EXERCISE DIRECTIONS » Every line below needs to be printed again exactly, without any of its pictures.

INFORMATION SHOWN »

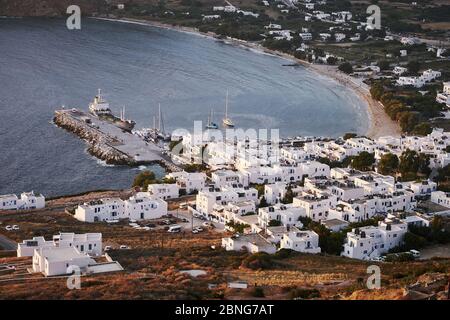 Photo aérienne d'Ormos Egialis, île d'Amorgos, Grèce Banque D'Images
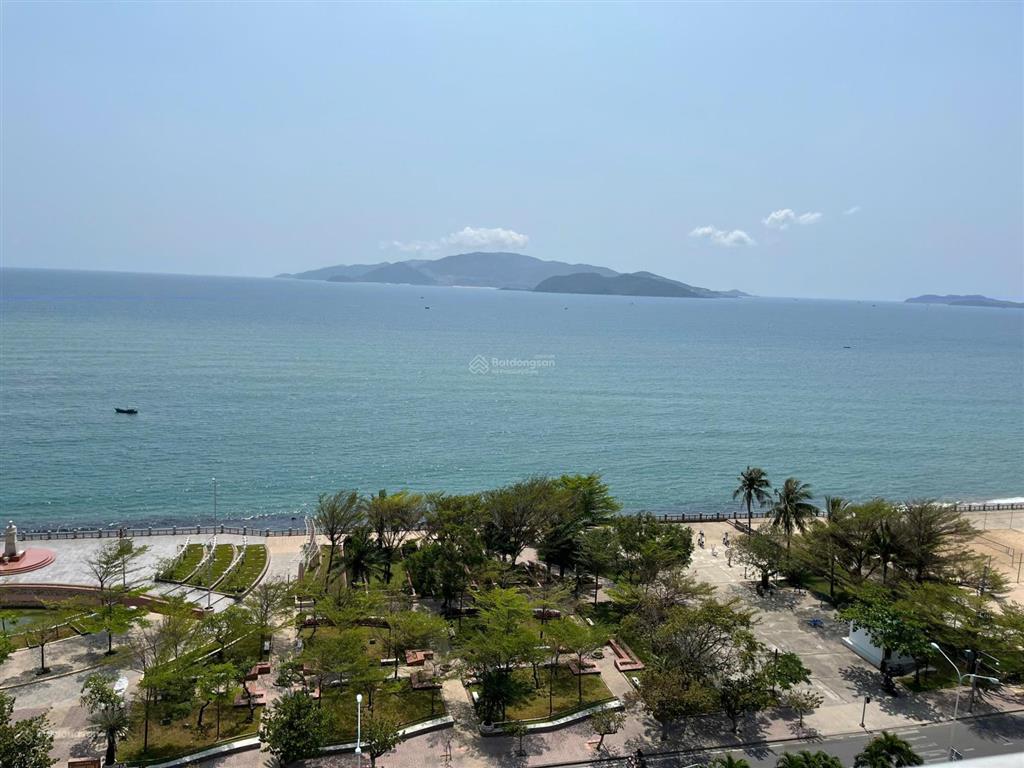 Bán căn hộ chung cư mường thanh khánh hòa, 2pn, view trực diện biển, giá tốt
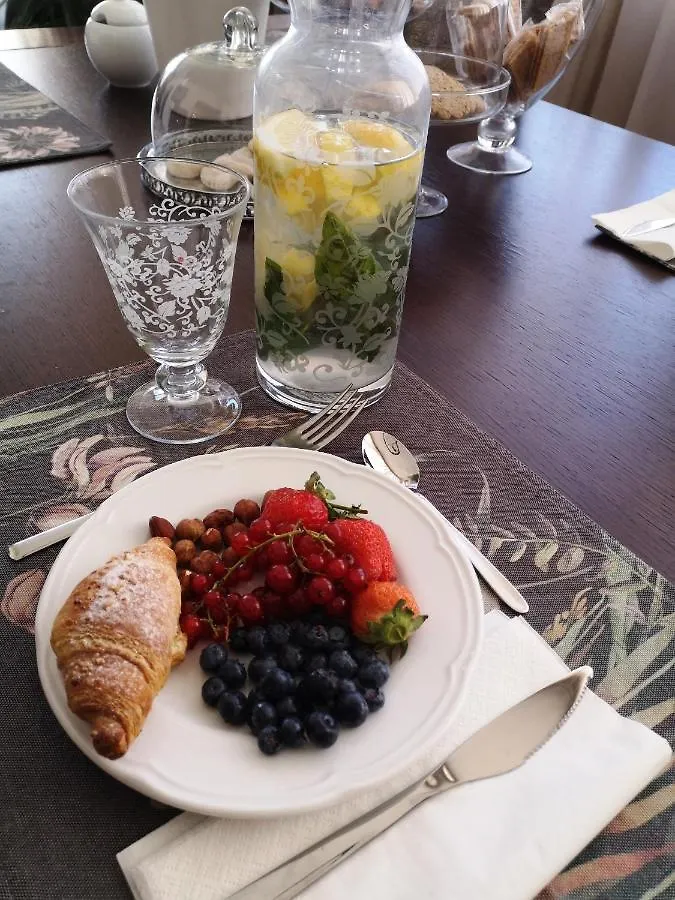 ベッド・アンド・ブレックファスト Villa B&B Marina & Parking Free ロヴィニ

TASK SOLUTION »
 Photo aérienne d'Ormos Egialis, île d'Amorgos, Grèce Banque D'Images
 Bán căn hộ chung cư mường thanh khánh hòa, 2pn, view trực diện biển, giá tốt
 ベッド・アンド・ブレックファスト Villa B&B Marina & Parking Free ロヴィニ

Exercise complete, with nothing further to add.